Poet and photographer Mihir Vatsa’s Tales of Hazaribagh: An Intimate Exploration of Chhotanagpur Plateau, which has won the 2022 Sahitya Akademi Yuva Puraskar, is a genre-defying book. Combining travel writing with adventure, history, research, personal anecdotes, it is as much as story of the author’s individual development as it is of the Chhotanagpur Plateau region, specifically Hazaribagh, which Vatsa calls home. Visiting places in the plateau that form part of its natural and built heritage, Vatsa traces their histories in a way that is engaging and intimate.
Immediately after getting the Yuva Puraskar, Tales of Hazaribagh made it to Amazon’s bestseller list; Vatsa saysthat he has spent the days following the news of the win in a “dream state.” Incidentally, dreams play a part in the narrative, as returning to Hazaribagh from Delhi is part of his initial dream of escaping the big city. Some of the desciptions have a dream-like quality too, not surprisingly, given that Vatsa is a poet. Edited excerpts from an email interview:
You call yourself a “riverwalker from Hazaribagh, Jharkhand” in Tales. Can you please elucidate?

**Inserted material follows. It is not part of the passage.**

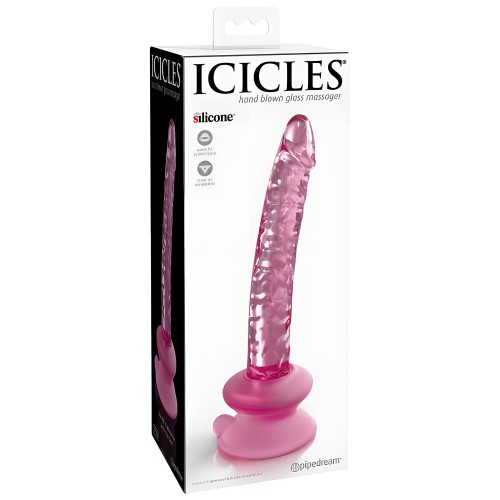 Icicles No. 86 Glass Dildo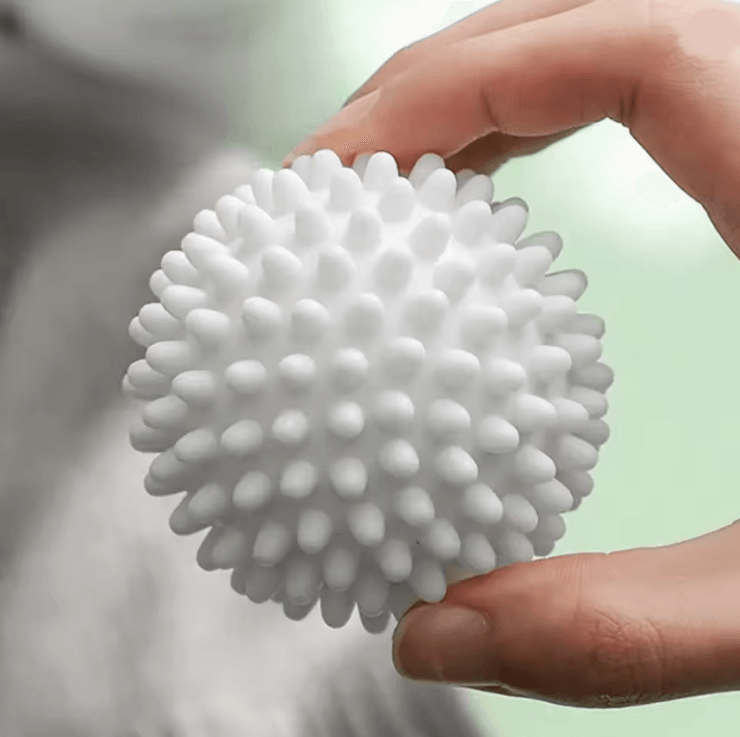 Laundry Ball Hair Removal Tool For Washing Machines Anti Tangle Dirt Remover 2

It happened in a moment of creative whim. The experience of riverwalking came first and it made the book. When it was time to send a bio-note, I wondered what to call myself. More accurately, I wondered what to call the author. Something like “a poet and a writer” was expected vocabulary, but the phrase sounded general, too general perhaps, and the book wasn’t general… in the sense that it couldn’t have been written by someone who was simply “a poet and a writer”. I felt that Tales was specific to a certain type of author, and that author was not a poet, a writer, and/or a landscape photographer. In concise terms, he was a riverwalker. That’s how I got the word, and I was very happy with it.
Has poetry got something to do with your riverwalking? Does one inspire the other?

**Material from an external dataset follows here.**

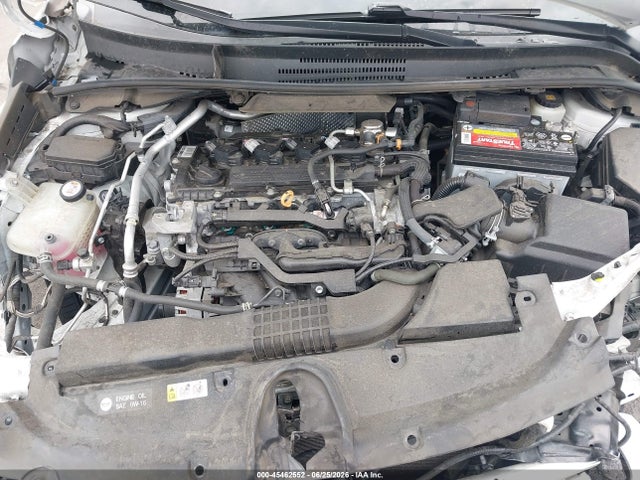 5YFS4RCE5LP053599 Toyota Corolla Se Nightshade Edition
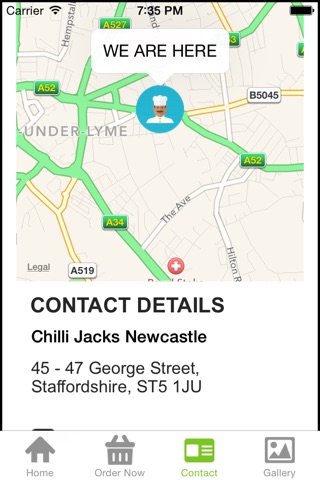 Chilli Jacks Newcastle screenshot 3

I was a poet before I became a riverwalker, and I think only poetry could have led me to call myself one. Poetry is not just deep, descriptive or lyrical utterance of feelings, it works to encourage discovery. A new way of looking at things around us, including ourselves, and in that process discovering what was hidden, absent, unregistered before. A prosaic mind perhaps wouldn’t consider rivers an alternative to roads. Once riverwalking starts, a different, “poetic” map of a region is brought into being and it leads on to more poetry. Indeed, one inspires the other.

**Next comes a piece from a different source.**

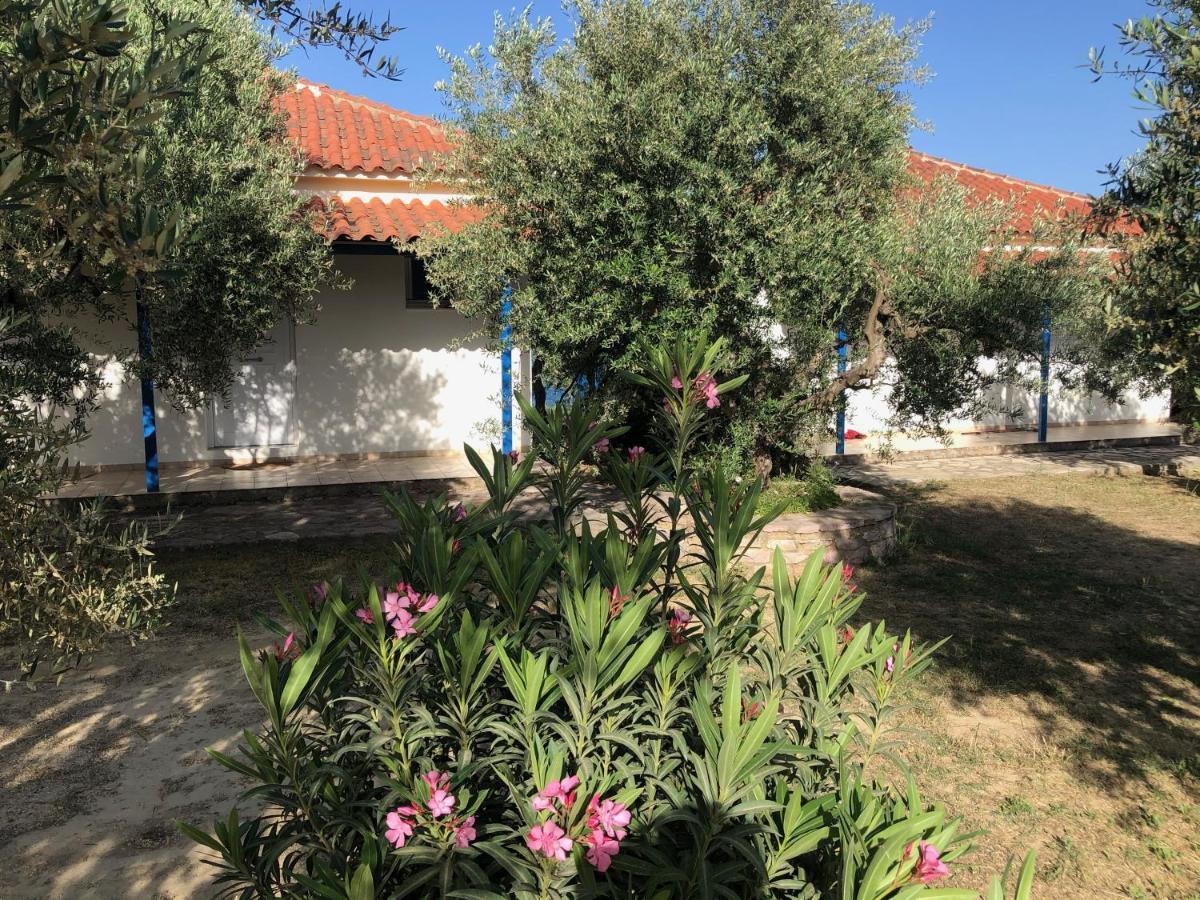 הוילה Kómboi Aggeliki House 4 מראה חיצוני תמונה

What kind of research did you have to do for Tales? Where did you find the books pertaining to Hazaribagh’s history?
I did a lot of research—especially for chapters Two (“Hill”), Three (“Lake”) and Four (“Forest”). My plan for these chapters was to ground Hazaribagh in history, especially since our small towns appear ahistorical, floating in timelessness. A good deal of material I needed was listed on Google Books: Thomson’s geographical survey, P.C. Roy Choudhury’s Hazaribagh Old Records, even letters relating to coffee and tea cultivation in Hazaribagh. I was actually surprised at how vast the collection was and how unexpectedly things appeared there. Some texts were available in full and some required institutional access. For the latter, my friends living abroad helped me with downloads.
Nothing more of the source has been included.